Some of Borneo’s pitcher plants took insects off the menu in favor of mammal droppings. It’s an evolutionary triumph.
LOOK, CARNIVOROUS PLANTS HAVE IT rough. Sure, they have a big fan base, including some of the heaviest hitters in the world of science. Charles Darwin, for example, was so obsessed with the innocuous-looking sundew Drosera that, in an 1860 letter to Charles Lyell, he declared, “I care more about Drosera than the origin of all the species in the world.” A few other species—real, imagined, or somewhere in between—have made it big in Hollywood and Broadway, from the grinning Venus flytrap–ish Audrey in various iterations of Little Shop of Horrors to the terrifying vines in The Ruins.
Carnivorous plants fascinate because they defy our idea of what a plant should be, by flipping the food chain on its head, as consuming organisms rather than the consumed.
But the truth is that these flesh-eaters evolved to nosh on insects and the occasional vertebrate in places around the world where more typical plant fare, such as nutrient-rich soil, is not reliably on the menu. There’s nothing sinister about carnivorous plants. In fact, they’re marvels of resiliency that have adapted to some of the least-hospitable environments on the planet, from the various midge-munching butterworts of England’s fens to the enormous Attenborough’s pitcher plant (Nepenthes attenboroughii), which stands nearly five feet all and has been known to down a rodent or two in the cloud forest of Palawan, an island in the Philippines. (By the way, the plant’s namesake, naturalist Sir David Attenborough, like Darwin, is also a fan of carnivorous plants.)
Most of the 160 or so species of pitcher plants have leaves that have evolved to hold a viscous digestive fluid. Prey attracted by nectar slip in, get trapped, drown, and, eventually, are broken down and absorbed through the leaf walls. A handful of pitcher plant species have taken their opportunistic eating one step further. In a recent paper published in Annals of Botany, a team of botanists detail how some Nepenthes species have evolved to get their nutrients not from the animals themselves but the animals’ waste—specifically, the nitrogen-rich droppings of mammals. While perhaps not the most palatable of processes, in resource-poor ecosystems, it is nothing short of ingenious.
N. lowii, for example, is found only in the mountaintop cloud forests of Borneo, at elevations of about 5,500 to 8,500 feet above sea level. This climbing pitcher plant’s stems can reach lengths of more than 30 feet, with individual pitchers about four inches across. The pitchers are noteworthy for their shape, which is strongly reminiscent of a toilet bowl, complete with lid (part of the leaf that can help keep heavy rain out).
In fact, researchers have long known that mountain tree shrews, attracted to N. lowii’s tasty secretions, frequently defecate directly into the pitcher—an activity that has earned the plant some unfortunate nicknames.

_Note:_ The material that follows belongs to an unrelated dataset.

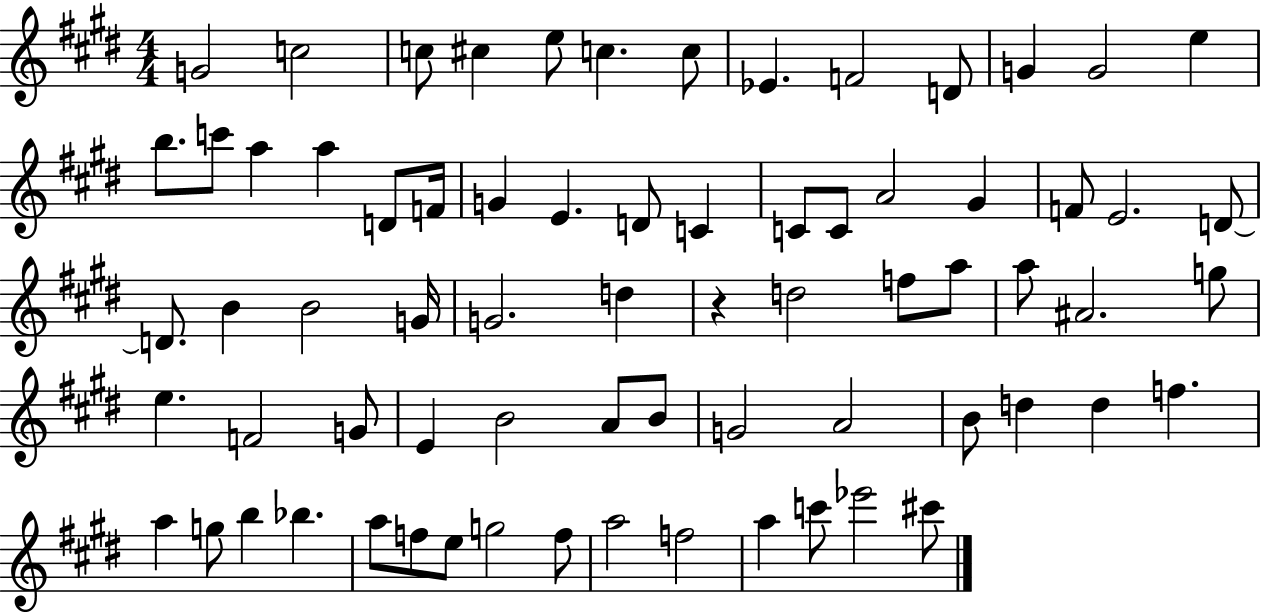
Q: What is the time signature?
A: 4/4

But N. lowii has nothing to be ashamed about: The authors of the new paper found that the potty plant’s tissues have significantly higher concentrations of nutritious nitrogen than pitcher plants that consume insects.

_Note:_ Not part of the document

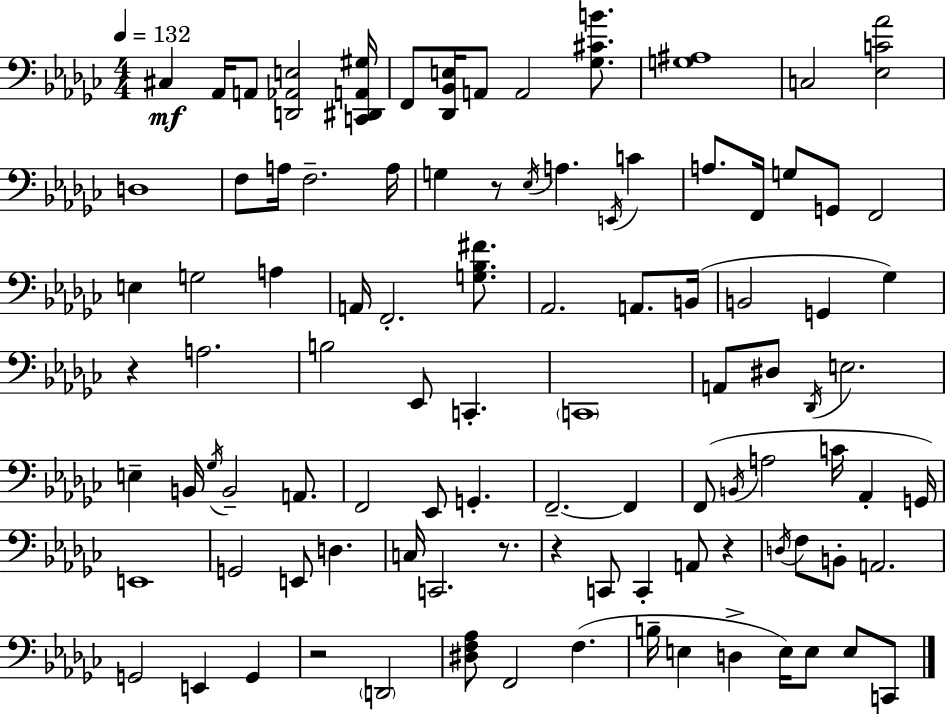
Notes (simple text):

C#3/q Ab2/s A2/e [D2,Ab2,E3]/h [C2,D#2,A2,G#3]/s F2/e [Db2,Bb2,E3]/s A2/e A2/h [Gb3,C#4,B4]/e. [G3,A#3]/w C3/h [Eb3,C4,Ab4]/h D3/w F3/e A3/s F3/h. A3/s G3/q R/e Eb3/s A3/q. E2/s C4/q A3/e. F2/s G3/e G2/e F2/h E3/q G3/h A3/q A2/s F2/h. [G3,Bb3,F#4]/e. Ab2/h. A2/e. B2/s B2/h G2/q Gb3/q R/q A3/h. B3/h Eb2/e C2/q. C2/w A2/e D#3/e Db2/s E3/h. E3/q B2/s Gb3/s B2/h A2/e. F2/h Eb2/e G2/q. F2/h. F2/q F2/e B2/s A3/h C4/s Ab2/q G2/s E2/w G2/h E2/e D3/q. C3/s C2/h. R/e. R/q C2/e C2/q A2/e R/q D3/s F3/e B2/e A2/h. G2/h E2/q G2/q R/h D2/h [D#3,F3,Ab3]/e F2/h F3/q. B3/s E3/q D3/q E3/s E3/e E3/e C2/e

In fact, at least half a dozen Nepenthes species distributed across Borneo’s mountains have adapted to coprophagy not just to survive but to thrive. In these higher-elevation ecosystems, where low-nutrient soils are common and insects are rare, the plants have become highly efficient at capturing the nitrogen in droppings from shrews, bats, and rodents. Some of the poop-eating plants studied stored more than twice as much high-quality nitrogen as their insectivorous cousins.
So snicker if you like, but N. lowii and its fellow pitcher potties have found their Happy Meal. Or, perhaps, Crappy Meal.